Leaving out every picture, quote the data below exactly as it appears.
##############################
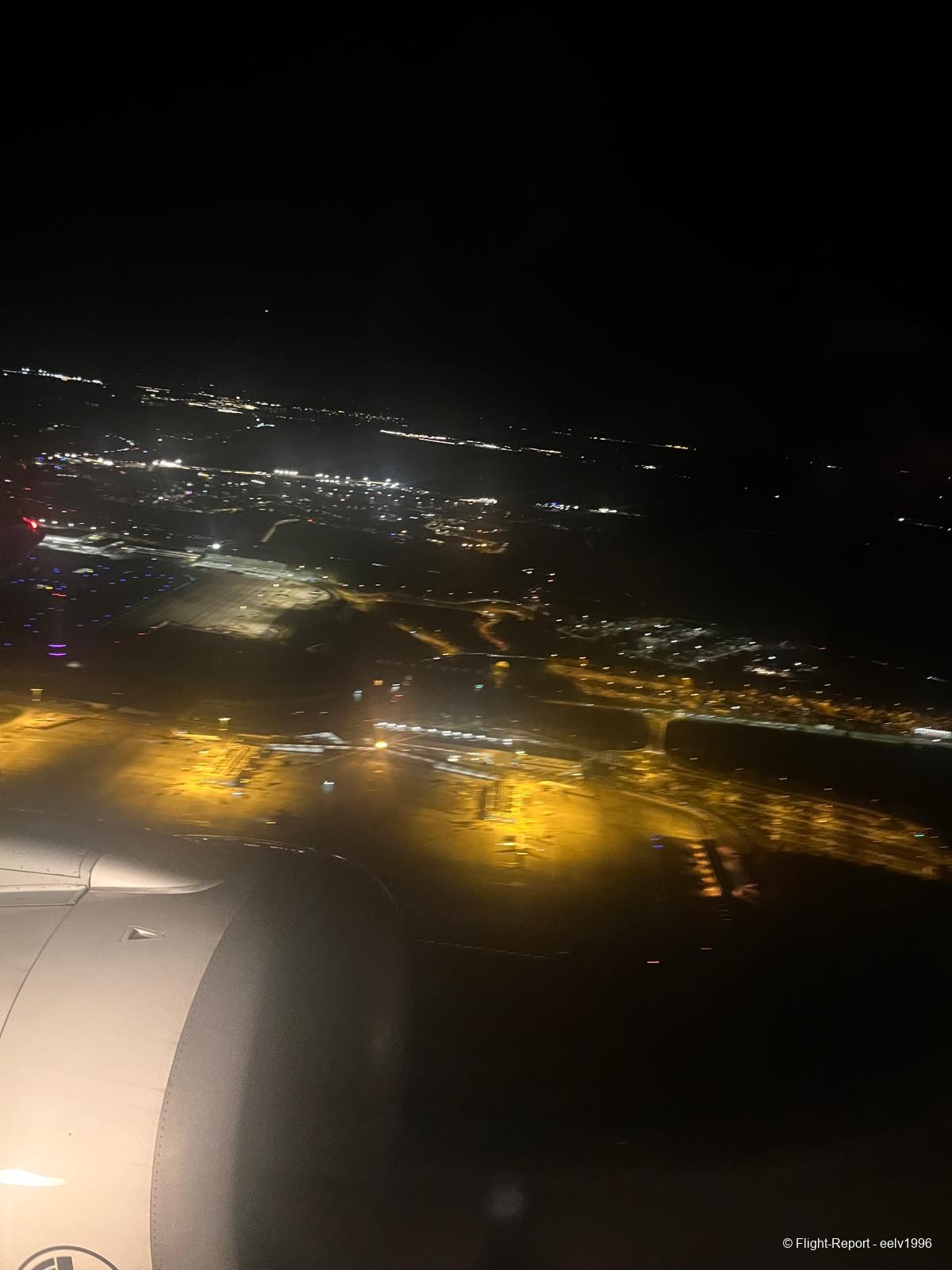 photo whatsapp-image-2025-12-12-at-11595413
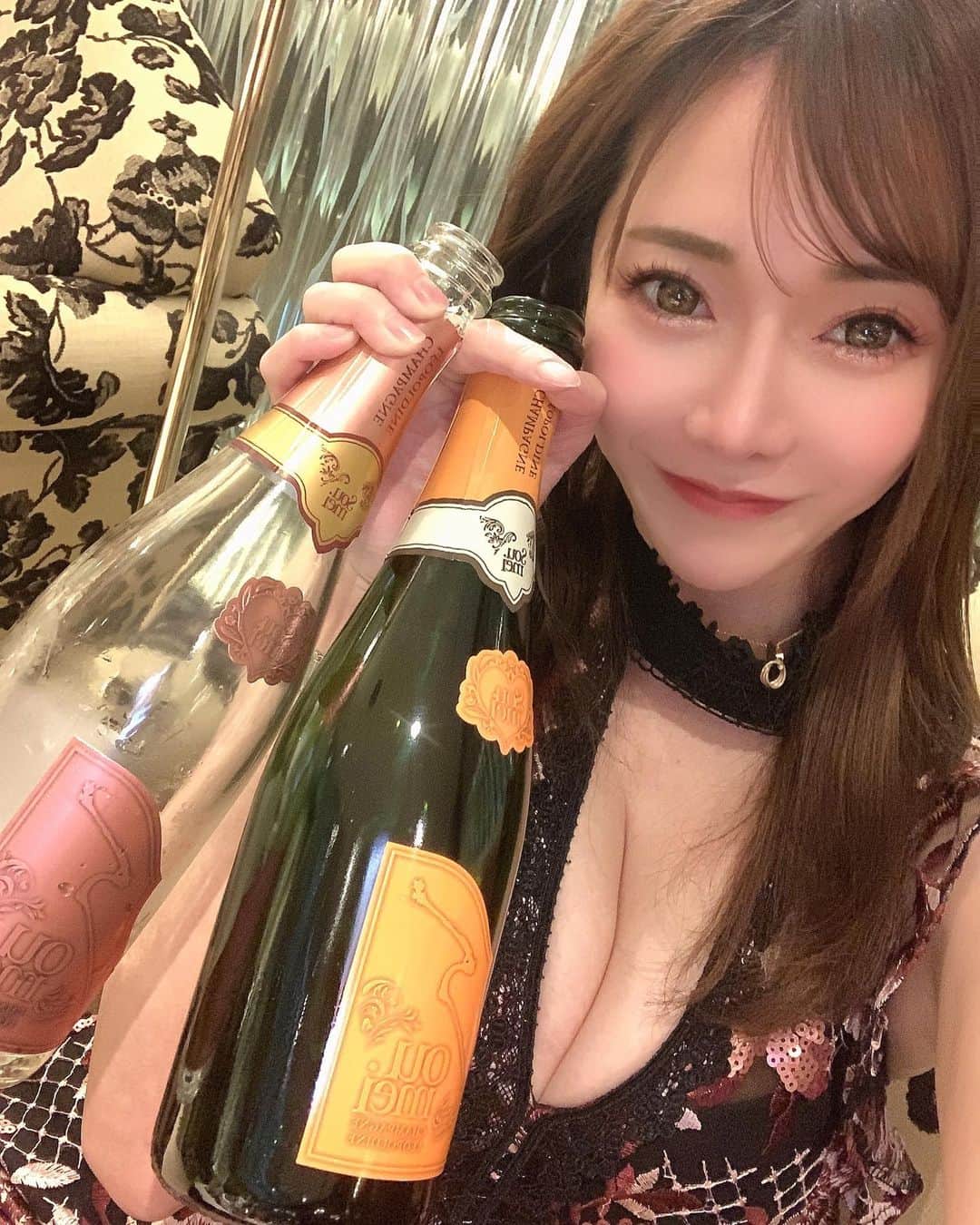 香月亜弥のインスタグラム：「目がとろーんとしてもうしっかりべろべろ🫠なときの写真(笑) シャンパンいっぱい飲めて幸せ( ´˘` )💞💞」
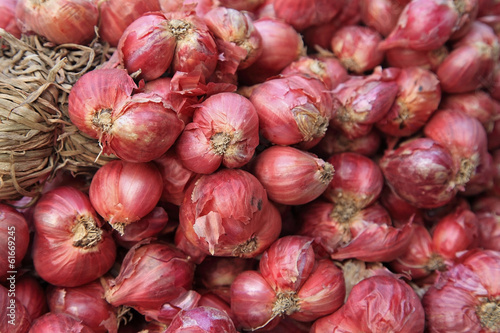 Red onions in Thai market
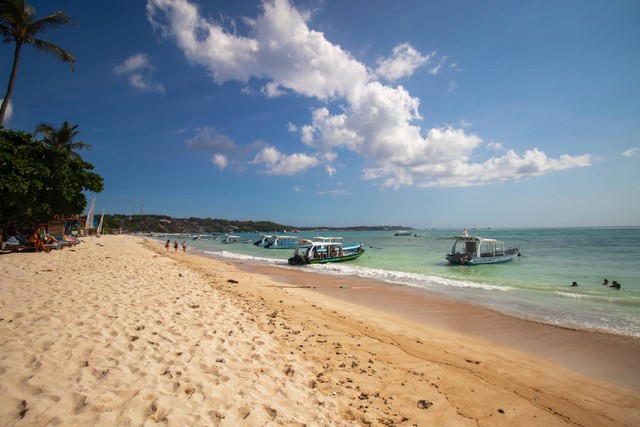 Pantai Lancing, Surga Tersembunyi di Lombok Tengah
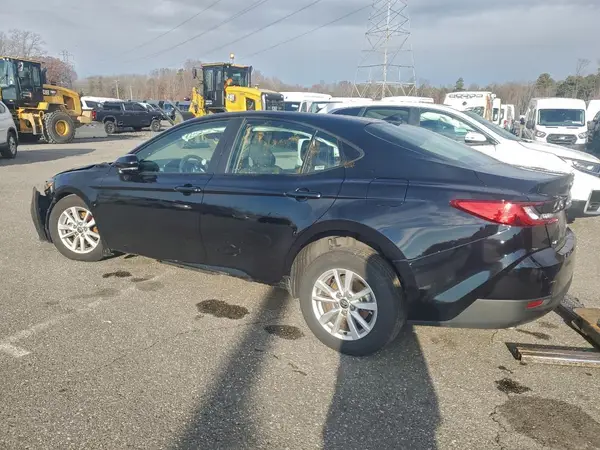 4T1DAACK9SU094503 2025 TOYOTA CAMRY - Image 2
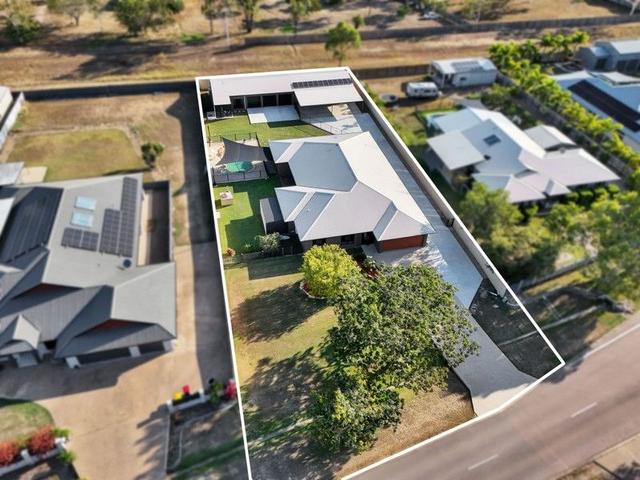 41 Shoalmarra Drive, QLD 4818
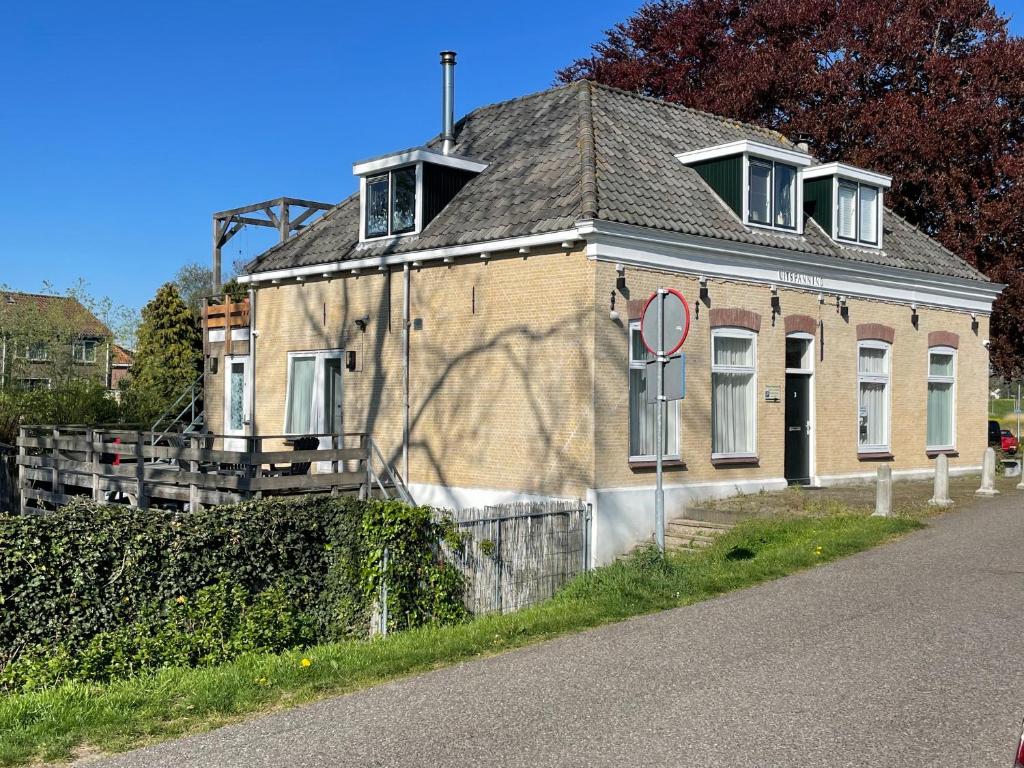 an old brick house on the side of a street at Pension Buitenzicht in Geervliet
##############################
> Answer area
 photo whatsapp-image-2025-12-12-at-11595413
 香月亜弥のインスタグラム：「目がとろーんとしてもうしっかりべろべろ🫠なときの写真(笑) シャンパンいっぱい飲めて幸せ( ´˘` )💞💞」
 Red onions in Thai market
 Pantai Lancing, Surga Tersembunyi di Lombok Tengah
 4T1DAACK9SU094503 2025 TOYOTA CAMRY - Image 2
 41 Shoalmarra Drive, QLD 4818
 an old brick house on the side of a street at Pension Buitenzicht in Geervliet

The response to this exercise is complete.